I don’t speak German so I have no way of knowing exactly what the Hamburg Institute for Hygiene and the Environment said but, clearly, it was enough for the media to point the finger at Spanish cucumbers and cause not just a lot of unnecessary fear to the general public but, also, significant economic harm to Spain. It’s bad enough that, within a couple of days, cucumbers, Spanish or otherwise, were eliminated as the cause. It’s even worse that, at the time of writing, no trace of the particular strain of E.coli has been found on the beansprouts that replaced cucumbers as the alleged source.
It’s just as bad that reporting of speculation as fact has caused so much disruption. But the prize for reckless reporting has to go to the Daily Star which headlined its story with ‘Terrorists 'spreading killer bug'’. Here’s how it works. Scientists are, generally, sceptical about everything including their own work. Ask a scientist if today is Monday and he should fight back the impulse to say that whilst there is plenty of evidence to suggest that it is Monday there is a need for further research before a firm conclusion can be reached.
So, a reporter only has to ask a scientist if terrorists might be involved and the scientist will say that whilst there is absolutely no indication of any terrorist involvement it cannot be completely ruled out. Then the reporter just drops the bit about ‘absolutely no indication’ and reports ‘THE deadly E.coli outbreak could have been spread by terrorists, say doctors.’
The doubts about the safety of eating raw salad vegetables demonstrate how much of everyday life relies on trusting other people to do it right.

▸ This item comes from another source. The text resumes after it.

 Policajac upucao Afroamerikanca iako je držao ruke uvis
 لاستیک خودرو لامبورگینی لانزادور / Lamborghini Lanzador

The whole business reminded me of a conversation a few years ago with a pea farmer. We said that he, sometimes, found Atropa belladonna, deadly nightshade, growing amongst his pea plants. Harvest time for the peas coincides with the time when the berries of the Atropa belladonna have formed but not ripened. In look, size and texture they could be mistaken for peas. The farmer said that, once harvested it was impossible to separate deadly nightshade berries from peas.
For that reason, he carefully walked all of his pea fields the day before harvesting pulling out any Atropa belladonna bushes he found.
It’s only because we can put our trust in growers to make a proper assessment of the risks involved in the food they produce and deal with those risks that we can, generally, fill our shopping trolleys without a second thought. Every now and then something comes along to make us aware of the potential for harm but we need to keep it in balance. The German outbreak of E.coli poisoning is devastating for those involved, and we still don’t know if raw vegetables of some sort have caused it, but the total number of cases is only a tiny fraction of the number of people who have eaten raw vegetables in the past month or so.
So, the only thing to worry about when you pick up your lettuce, cucumber and tomatoes from the supermarket shelves is whether we’ll get some summer weather to go with the summer food.